• Action item
Would you repeat word for word the lines of the listing that follows, from the one with "ELPOSUN Patio Furniture" up to and including the one with "White Women Teveo Focus Crop Tops | OMI-0487", and leave out the images?

• Given data
========================================================================

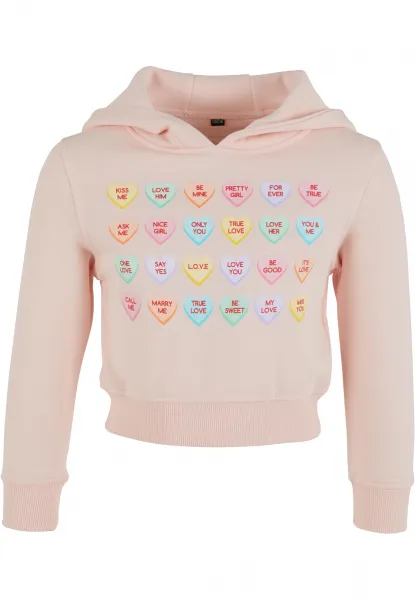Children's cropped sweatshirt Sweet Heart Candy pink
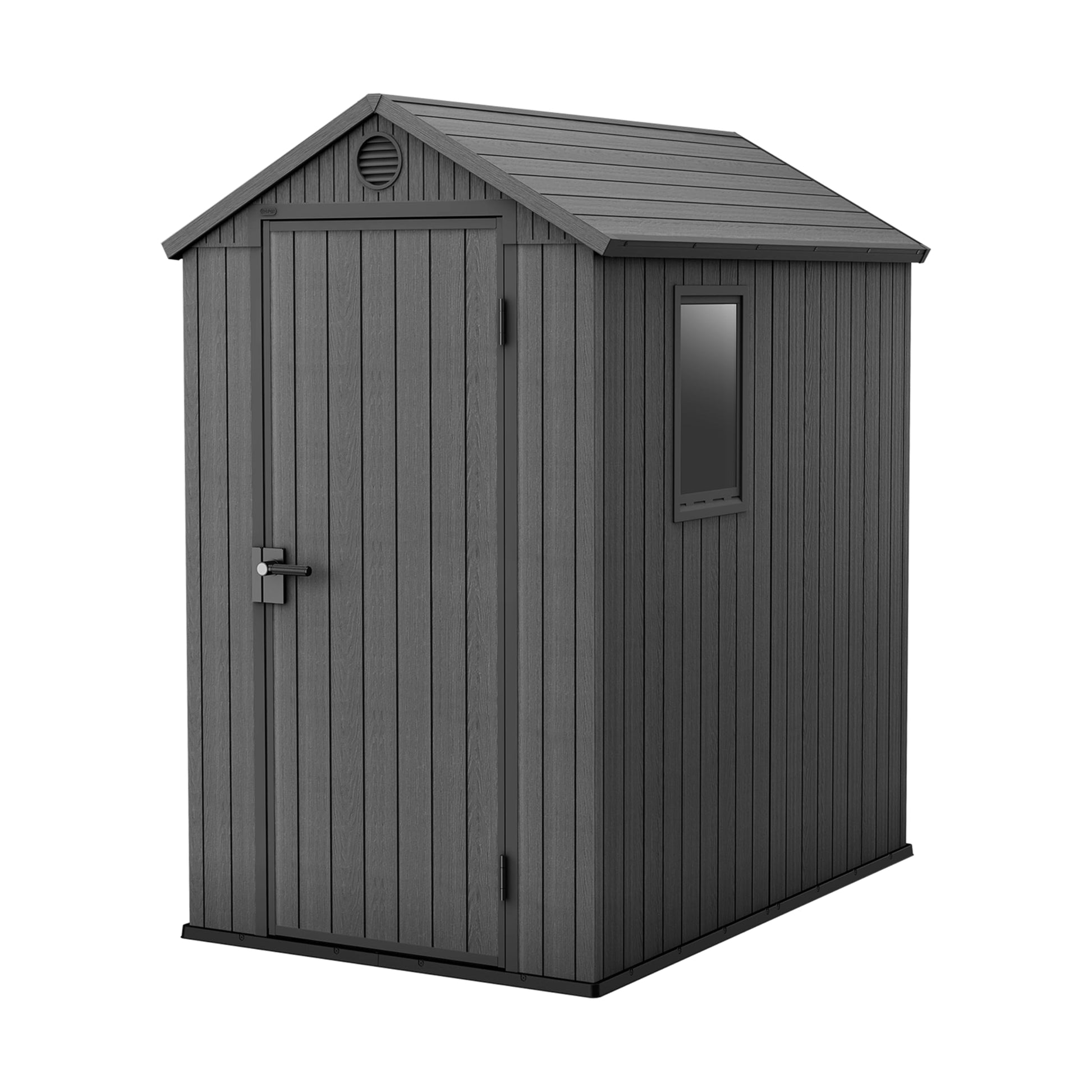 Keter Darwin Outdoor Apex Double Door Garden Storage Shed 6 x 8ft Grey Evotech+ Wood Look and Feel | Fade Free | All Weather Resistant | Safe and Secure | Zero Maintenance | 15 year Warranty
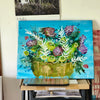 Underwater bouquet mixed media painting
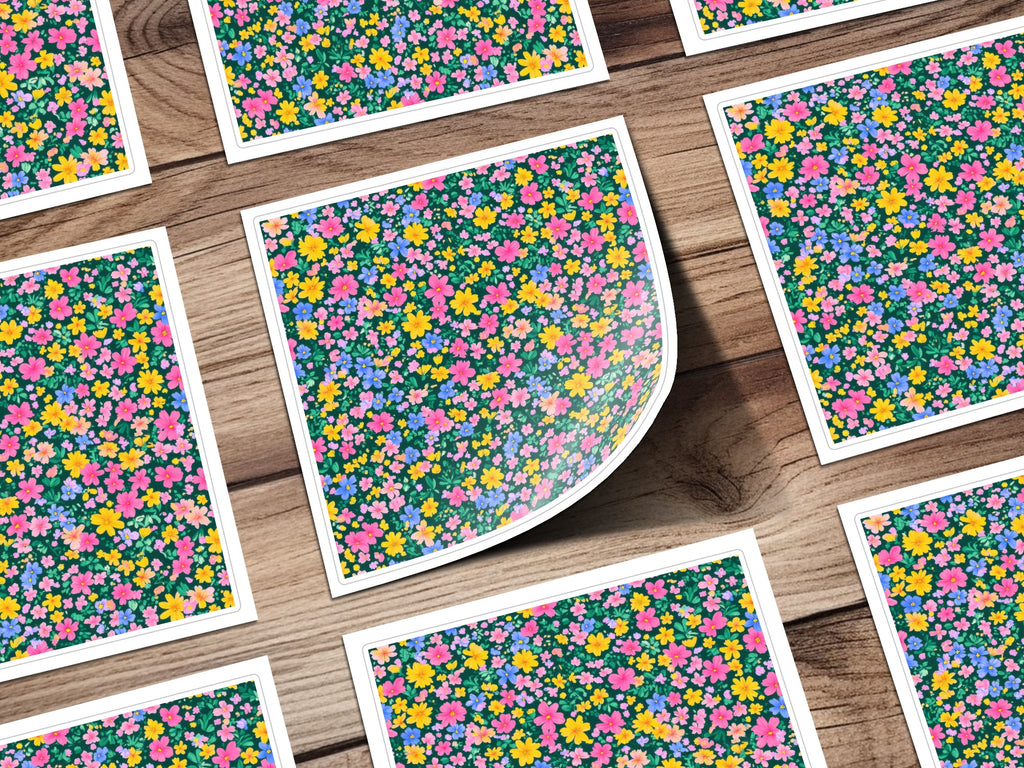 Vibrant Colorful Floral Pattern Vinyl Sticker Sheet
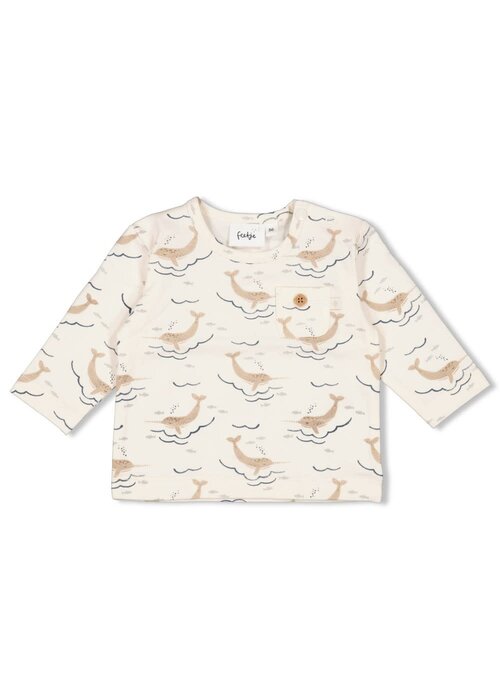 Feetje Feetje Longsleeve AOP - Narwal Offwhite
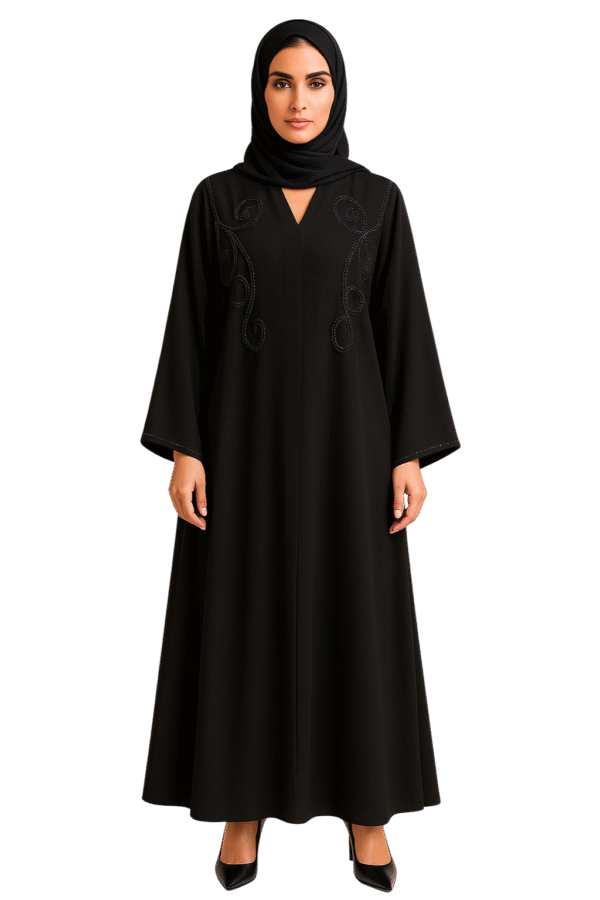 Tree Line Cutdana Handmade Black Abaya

========================================================================

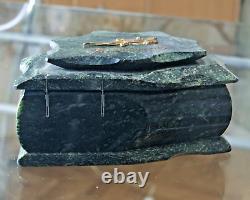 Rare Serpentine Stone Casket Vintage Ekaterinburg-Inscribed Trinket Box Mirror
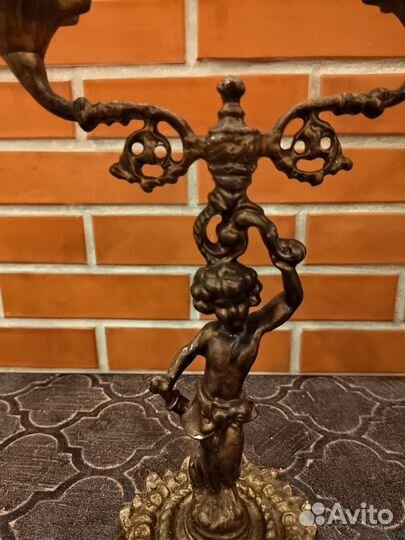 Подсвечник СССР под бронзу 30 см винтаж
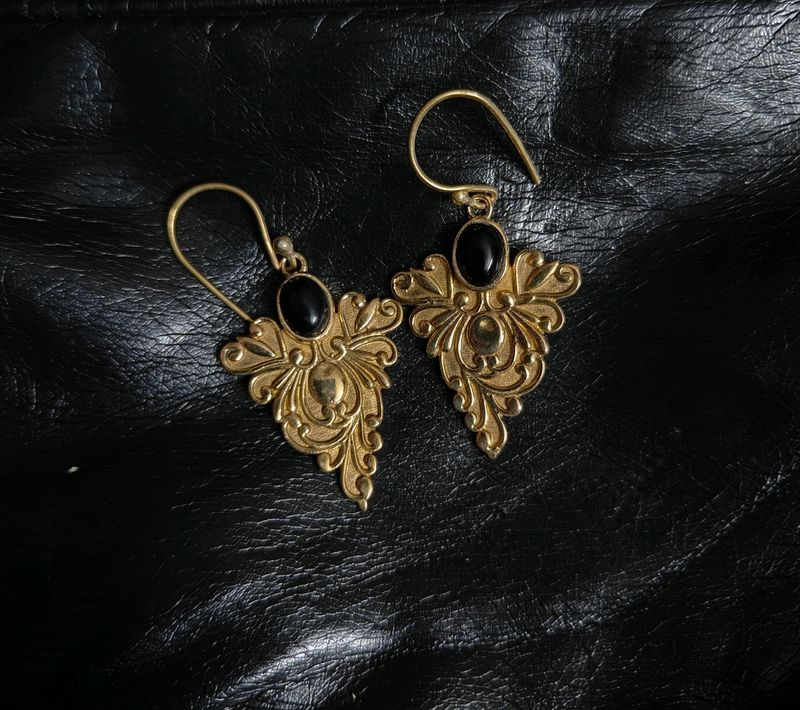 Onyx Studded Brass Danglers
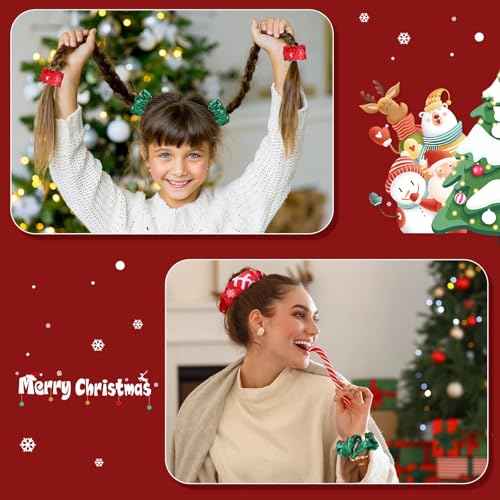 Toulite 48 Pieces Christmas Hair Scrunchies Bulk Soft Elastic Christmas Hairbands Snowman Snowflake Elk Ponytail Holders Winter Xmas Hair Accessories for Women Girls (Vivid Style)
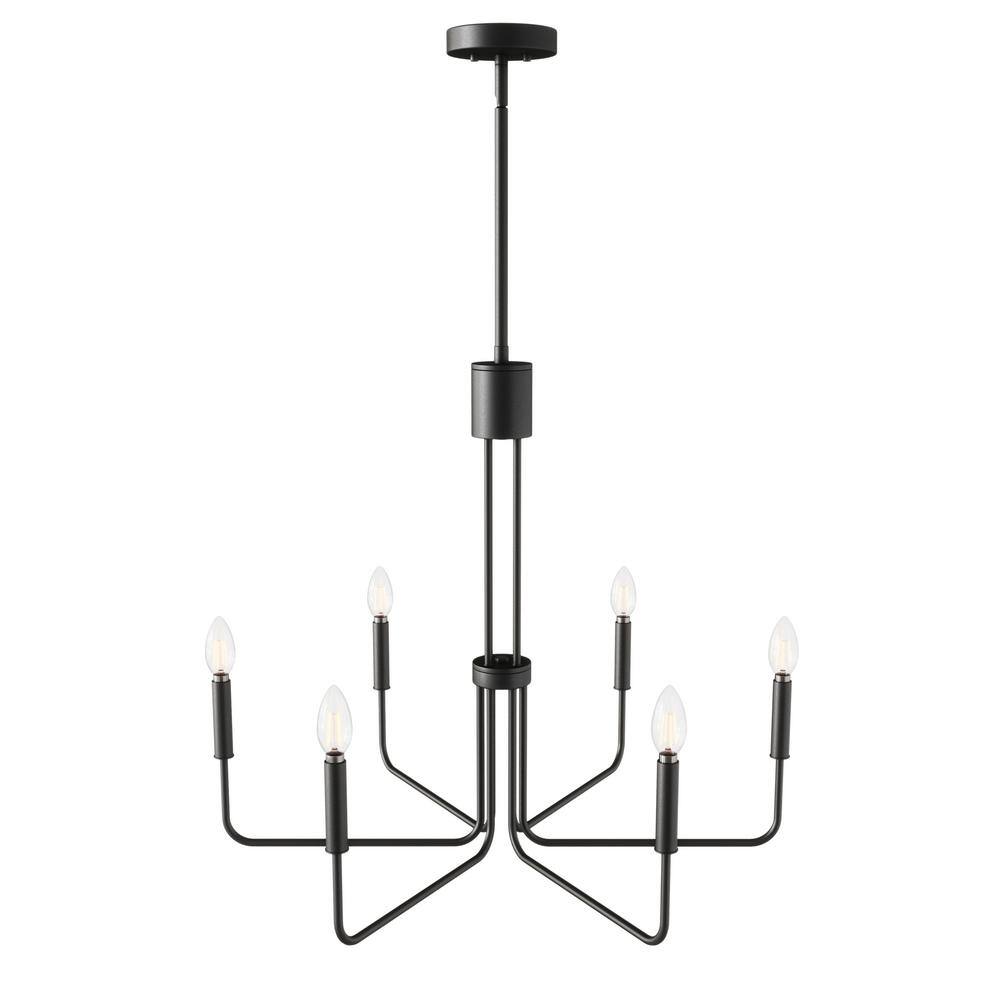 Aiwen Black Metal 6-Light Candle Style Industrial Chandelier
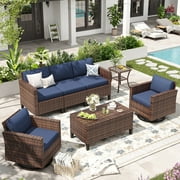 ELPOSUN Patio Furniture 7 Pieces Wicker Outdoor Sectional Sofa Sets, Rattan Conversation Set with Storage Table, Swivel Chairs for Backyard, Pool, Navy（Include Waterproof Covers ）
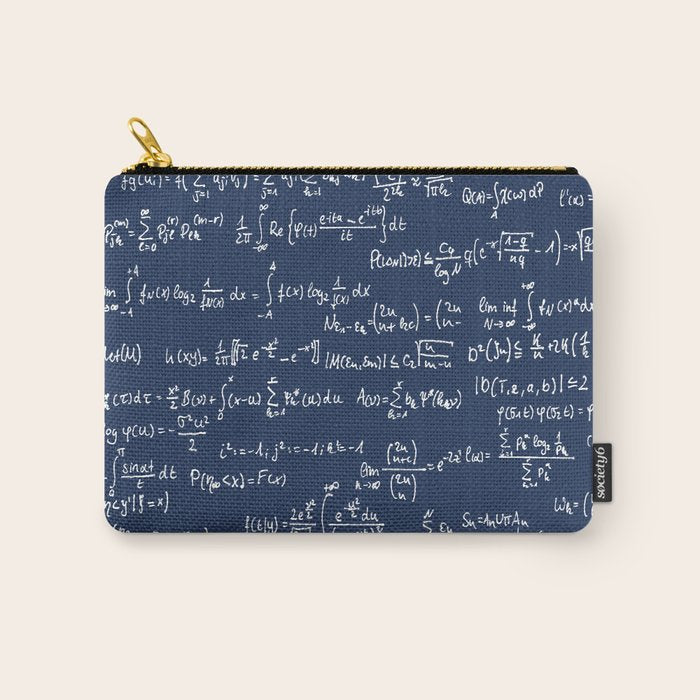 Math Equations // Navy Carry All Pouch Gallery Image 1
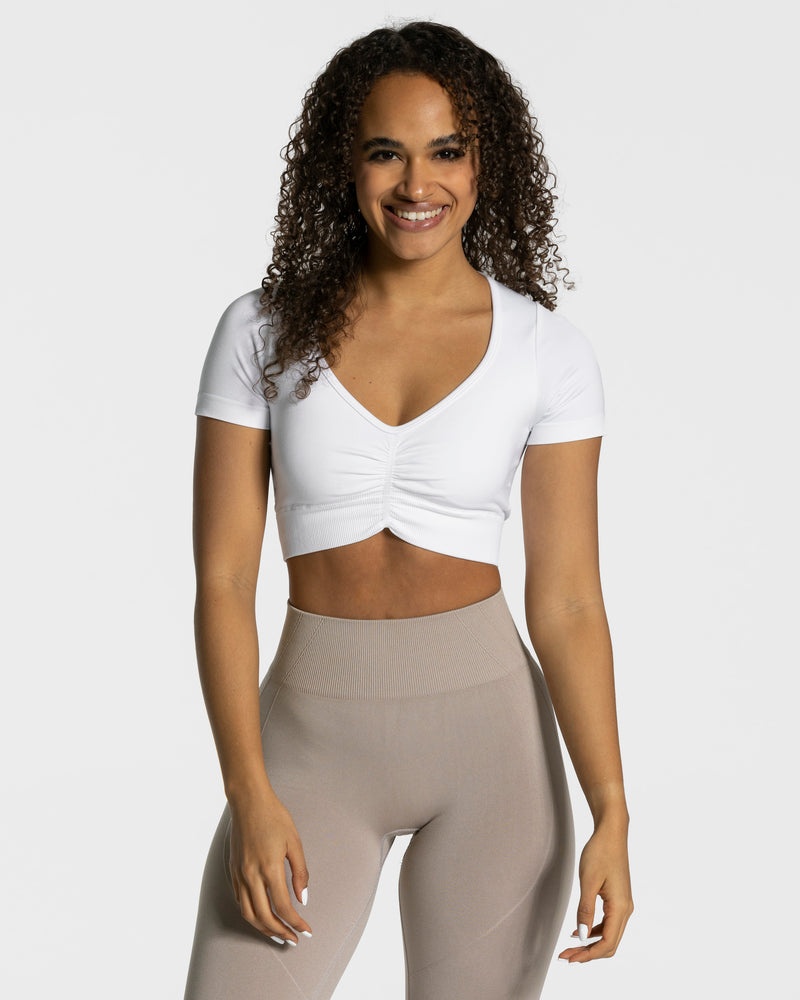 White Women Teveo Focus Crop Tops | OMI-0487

========================================================================

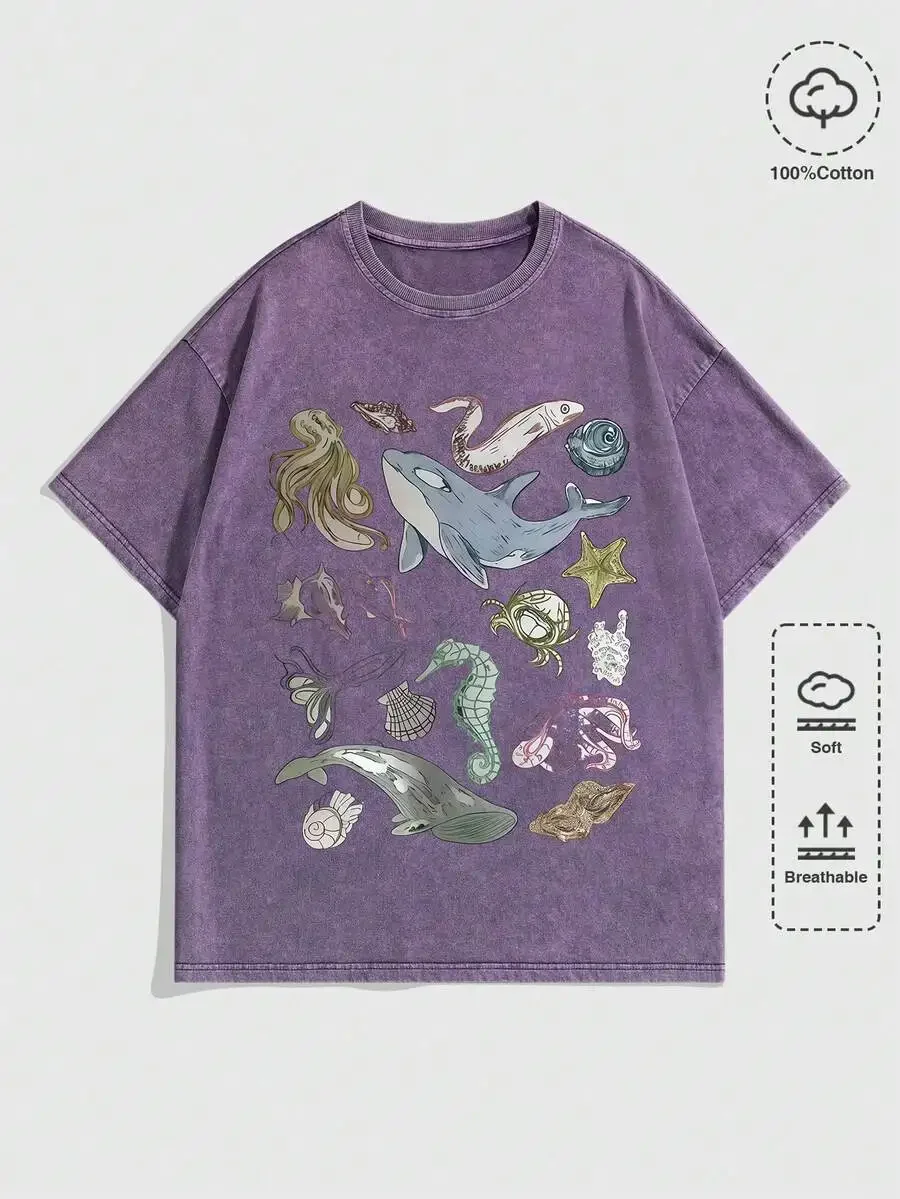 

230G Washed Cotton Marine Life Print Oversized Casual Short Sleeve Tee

========================================================================

• Answer for the task
 ELPOSUN Patio Furniture 7 Pieces Wicker Outdoor Sectional Sofa Sets, Rattan Conversation Set with Storage Table, Swivel Chairs for Backyard, Pool, Navy（Include Waterproof Covers ）
 Math Equations // Navy Carry All Pouch Gallery Image 1
 White Women Teveo Focus Crop Tops | OMI-0487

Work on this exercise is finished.